_YOUR INSTRUCTIONS:_ Return all of the data verbatim, dropping any picture.

_DATASET SECTION:_

--------

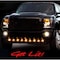 Recon UNIVERSAL AMBER LED FRONT LOWER AIR DAM LIGHT KIT W/SMOKED LENS AND BL 264227AMBK - alternate 2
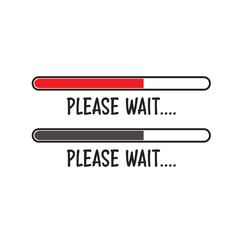 Vector illustration please wait. designs that are suitable for banner elements, websites, apps.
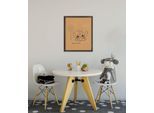 Wandbild KOMAR "Disney Lilo and Stitch Chilled Vibes", orange (farbe bild(er): orange), Disney, 1 Stk., Vlies, Bilder, Wandbild, 30 x 40 cm (Breite x Höhe) - Kinderzimmer, Dekoration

--------

_EXERCISE RESULT:_
 Recon UNIVERSAL AMBER LED FRONT LOWER AIR DAM LIGHT KIT W/SMOKED LENS AND BL 264227AMBK - alternate 2
 Vector illustration please wait. designs that are suitable for banner elements, websites, apps.
 Wandbild KOMAR "Disney Lilo and Stitch Chilled Vibes", orange (farbe bild(er): orange), Disney, 1 Stk., Vlies, Bilder, Wandbild, 30 x 40 cm (Breite x Höhe) - Kinderzimmer, Dekoration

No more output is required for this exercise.